Big data Flink Transformation

1. Official website API list

https://ci.apache.org/projects/flink/flink-docs-release-1.12/dev/stream/operators/

Overall, operations on streaming data can be divided into four categories.
The first type is the operation for a single record, such as filtering out unqualified records (Filter operation), or making a conversion for each record (Map operation)
The second type is the operation of multiple records. For example, to count the total trading volume of orders within an hour, you need to add the trading volume of all order records within an hour. In order to support this type of operation, you have to associate the required records through Window for processing
The third type is to operate on multiple streams and convert them into a single stream. For example, multiple flows can be combined through operations such as Union, Join, or Connect.
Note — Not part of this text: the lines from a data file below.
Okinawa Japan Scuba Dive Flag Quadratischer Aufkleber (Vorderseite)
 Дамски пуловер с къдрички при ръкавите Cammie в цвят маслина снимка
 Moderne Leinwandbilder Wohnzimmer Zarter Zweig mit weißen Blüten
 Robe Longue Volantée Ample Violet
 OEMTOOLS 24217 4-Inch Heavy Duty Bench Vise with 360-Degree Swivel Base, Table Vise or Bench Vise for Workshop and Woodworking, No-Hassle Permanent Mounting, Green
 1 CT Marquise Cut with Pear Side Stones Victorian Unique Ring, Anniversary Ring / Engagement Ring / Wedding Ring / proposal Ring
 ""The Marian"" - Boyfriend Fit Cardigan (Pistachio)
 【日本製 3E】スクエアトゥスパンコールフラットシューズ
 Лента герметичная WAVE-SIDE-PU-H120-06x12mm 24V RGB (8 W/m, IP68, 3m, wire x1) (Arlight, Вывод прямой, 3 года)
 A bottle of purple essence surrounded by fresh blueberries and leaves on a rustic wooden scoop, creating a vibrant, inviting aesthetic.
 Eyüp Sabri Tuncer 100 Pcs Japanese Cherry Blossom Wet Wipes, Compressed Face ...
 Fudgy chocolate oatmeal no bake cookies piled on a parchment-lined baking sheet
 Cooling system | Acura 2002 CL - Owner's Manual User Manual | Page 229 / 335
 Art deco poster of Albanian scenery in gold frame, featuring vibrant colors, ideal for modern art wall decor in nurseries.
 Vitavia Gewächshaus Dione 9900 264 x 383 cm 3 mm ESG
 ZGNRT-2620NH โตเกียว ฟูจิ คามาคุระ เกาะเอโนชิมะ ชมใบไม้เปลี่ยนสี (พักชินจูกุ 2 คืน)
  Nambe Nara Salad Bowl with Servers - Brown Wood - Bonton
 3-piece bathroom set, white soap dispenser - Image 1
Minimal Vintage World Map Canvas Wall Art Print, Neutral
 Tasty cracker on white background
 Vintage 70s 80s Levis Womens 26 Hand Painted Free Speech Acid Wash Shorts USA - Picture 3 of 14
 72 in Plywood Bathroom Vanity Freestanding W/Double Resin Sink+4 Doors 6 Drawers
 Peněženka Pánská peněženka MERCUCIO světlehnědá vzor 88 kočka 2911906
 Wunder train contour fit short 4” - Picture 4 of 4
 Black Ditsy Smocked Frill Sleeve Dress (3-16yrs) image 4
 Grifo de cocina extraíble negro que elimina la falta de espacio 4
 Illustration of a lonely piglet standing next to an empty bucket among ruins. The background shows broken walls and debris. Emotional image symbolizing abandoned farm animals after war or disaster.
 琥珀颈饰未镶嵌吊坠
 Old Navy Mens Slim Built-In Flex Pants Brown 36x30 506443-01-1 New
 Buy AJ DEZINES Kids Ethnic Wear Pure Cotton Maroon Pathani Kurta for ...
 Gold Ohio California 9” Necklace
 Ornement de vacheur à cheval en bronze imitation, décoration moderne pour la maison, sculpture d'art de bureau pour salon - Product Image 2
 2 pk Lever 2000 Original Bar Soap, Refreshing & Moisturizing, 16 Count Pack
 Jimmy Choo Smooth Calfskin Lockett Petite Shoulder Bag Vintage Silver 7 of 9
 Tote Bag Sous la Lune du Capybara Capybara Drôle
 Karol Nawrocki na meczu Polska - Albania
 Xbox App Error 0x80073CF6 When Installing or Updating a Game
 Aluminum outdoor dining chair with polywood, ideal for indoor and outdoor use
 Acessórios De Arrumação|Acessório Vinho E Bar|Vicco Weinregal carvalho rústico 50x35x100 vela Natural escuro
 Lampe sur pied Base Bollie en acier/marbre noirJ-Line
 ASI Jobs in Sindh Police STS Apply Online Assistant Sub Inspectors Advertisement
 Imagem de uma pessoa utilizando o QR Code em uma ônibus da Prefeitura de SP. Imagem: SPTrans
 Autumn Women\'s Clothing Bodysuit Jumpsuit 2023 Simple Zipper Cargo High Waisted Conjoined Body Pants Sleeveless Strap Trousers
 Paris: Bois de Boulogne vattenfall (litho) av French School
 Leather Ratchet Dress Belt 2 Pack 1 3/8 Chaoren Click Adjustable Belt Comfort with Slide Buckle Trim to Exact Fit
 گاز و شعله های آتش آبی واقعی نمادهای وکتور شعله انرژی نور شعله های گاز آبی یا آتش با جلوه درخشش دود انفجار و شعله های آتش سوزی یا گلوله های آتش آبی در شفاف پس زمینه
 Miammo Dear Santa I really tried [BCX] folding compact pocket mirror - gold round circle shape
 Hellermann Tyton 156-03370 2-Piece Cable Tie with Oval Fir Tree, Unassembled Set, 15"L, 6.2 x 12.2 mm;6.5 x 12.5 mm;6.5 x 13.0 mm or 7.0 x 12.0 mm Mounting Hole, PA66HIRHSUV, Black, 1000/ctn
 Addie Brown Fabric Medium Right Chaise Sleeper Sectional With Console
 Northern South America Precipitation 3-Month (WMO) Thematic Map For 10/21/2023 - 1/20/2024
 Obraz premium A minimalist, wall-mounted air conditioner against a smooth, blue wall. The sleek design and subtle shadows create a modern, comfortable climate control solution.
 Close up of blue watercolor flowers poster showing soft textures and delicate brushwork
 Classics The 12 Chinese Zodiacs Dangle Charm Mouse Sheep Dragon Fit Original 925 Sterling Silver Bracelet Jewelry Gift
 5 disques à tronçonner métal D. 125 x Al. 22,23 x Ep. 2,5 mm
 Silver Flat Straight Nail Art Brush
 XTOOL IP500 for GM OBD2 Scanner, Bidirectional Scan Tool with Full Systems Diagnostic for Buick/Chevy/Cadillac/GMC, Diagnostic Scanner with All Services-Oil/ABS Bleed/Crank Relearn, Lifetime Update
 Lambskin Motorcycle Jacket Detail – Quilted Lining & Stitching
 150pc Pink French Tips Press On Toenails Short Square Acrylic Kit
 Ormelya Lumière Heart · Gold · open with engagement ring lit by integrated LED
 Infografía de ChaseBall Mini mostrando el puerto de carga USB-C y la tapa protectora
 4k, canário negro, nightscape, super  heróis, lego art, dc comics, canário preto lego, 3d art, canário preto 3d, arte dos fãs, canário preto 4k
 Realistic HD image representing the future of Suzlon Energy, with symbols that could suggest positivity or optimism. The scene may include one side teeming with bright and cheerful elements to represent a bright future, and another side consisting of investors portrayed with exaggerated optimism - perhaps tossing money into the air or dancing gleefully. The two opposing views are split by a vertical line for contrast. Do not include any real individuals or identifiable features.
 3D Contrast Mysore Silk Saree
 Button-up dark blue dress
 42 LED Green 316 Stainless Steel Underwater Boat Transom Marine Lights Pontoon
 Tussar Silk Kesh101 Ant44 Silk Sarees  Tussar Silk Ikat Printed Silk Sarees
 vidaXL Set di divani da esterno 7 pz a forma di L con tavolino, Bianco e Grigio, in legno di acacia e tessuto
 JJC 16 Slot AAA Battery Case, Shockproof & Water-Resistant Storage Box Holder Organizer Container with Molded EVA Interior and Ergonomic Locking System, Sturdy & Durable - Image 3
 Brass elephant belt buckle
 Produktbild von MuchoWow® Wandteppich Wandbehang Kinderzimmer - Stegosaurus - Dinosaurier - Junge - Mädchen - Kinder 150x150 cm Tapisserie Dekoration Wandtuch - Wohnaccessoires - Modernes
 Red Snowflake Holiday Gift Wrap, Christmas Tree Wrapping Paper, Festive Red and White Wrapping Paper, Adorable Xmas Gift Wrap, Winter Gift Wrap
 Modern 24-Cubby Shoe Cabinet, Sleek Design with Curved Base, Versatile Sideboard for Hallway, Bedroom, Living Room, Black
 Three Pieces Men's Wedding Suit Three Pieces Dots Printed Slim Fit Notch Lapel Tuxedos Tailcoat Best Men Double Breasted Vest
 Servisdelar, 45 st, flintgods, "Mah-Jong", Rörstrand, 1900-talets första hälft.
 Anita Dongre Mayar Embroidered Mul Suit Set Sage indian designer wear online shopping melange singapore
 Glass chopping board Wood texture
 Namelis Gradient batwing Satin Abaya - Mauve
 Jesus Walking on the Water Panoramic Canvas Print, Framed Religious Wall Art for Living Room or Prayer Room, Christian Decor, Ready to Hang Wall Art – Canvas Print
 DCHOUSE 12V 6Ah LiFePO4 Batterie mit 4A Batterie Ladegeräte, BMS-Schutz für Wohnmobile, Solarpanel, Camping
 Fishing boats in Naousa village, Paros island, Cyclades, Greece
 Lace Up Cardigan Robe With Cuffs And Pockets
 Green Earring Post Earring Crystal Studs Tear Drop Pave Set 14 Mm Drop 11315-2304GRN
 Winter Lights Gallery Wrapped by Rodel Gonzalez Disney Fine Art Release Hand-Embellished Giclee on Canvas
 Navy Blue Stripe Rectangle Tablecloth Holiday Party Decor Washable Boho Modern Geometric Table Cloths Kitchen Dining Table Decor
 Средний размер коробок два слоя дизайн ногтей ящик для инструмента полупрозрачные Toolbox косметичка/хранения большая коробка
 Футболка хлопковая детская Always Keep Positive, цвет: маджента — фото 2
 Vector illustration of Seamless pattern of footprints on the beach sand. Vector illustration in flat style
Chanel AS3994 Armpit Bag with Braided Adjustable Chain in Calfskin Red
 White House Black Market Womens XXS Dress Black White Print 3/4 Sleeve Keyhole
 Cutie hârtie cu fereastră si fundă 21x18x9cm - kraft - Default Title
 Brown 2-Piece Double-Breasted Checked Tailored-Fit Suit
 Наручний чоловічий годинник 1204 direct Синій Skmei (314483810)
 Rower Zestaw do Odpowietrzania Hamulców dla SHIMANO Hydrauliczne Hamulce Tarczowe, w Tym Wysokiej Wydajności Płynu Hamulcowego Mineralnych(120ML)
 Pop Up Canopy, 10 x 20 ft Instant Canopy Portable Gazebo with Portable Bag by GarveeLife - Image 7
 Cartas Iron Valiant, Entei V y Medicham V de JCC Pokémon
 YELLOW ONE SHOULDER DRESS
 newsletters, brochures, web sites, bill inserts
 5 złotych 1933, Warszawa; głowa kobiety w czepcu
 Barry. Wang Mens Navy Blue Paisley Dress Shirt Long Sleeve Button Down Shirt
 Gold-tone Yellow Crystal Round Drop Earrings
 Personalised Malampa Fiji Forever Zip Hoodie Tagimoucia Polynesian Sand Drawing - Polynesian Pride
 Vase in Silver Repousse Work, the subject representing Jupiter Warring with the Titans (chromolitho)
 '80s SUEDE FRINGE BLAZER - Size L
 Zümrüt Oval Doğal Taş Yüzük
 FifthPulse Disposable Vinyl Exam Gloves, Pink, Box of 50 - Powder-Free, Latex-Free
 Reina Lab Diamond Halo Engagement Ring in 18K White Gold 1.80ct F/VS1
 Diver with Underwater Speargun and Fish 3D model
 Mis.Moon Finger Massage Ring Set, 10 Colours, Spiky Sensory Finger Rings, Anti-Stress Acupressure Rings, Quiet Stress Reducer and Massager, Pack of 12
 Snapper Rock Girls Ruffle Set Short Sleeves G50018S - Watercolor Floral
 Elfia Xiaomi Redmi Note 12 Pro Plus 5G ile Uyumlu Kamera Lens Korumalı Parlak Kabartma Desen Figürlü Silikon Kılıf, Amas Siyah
The merging logic of these operations is different, but they will eventually produce a new unified flow, so that some cross flow operations can be carried out.
Finally, DataStream also supports split operations symmetrical to merge, that is, splitting a stream into multiple streams according to certain rules
(Split operation), each stream is a subset of the previous stream, so we can deal with different streams differently.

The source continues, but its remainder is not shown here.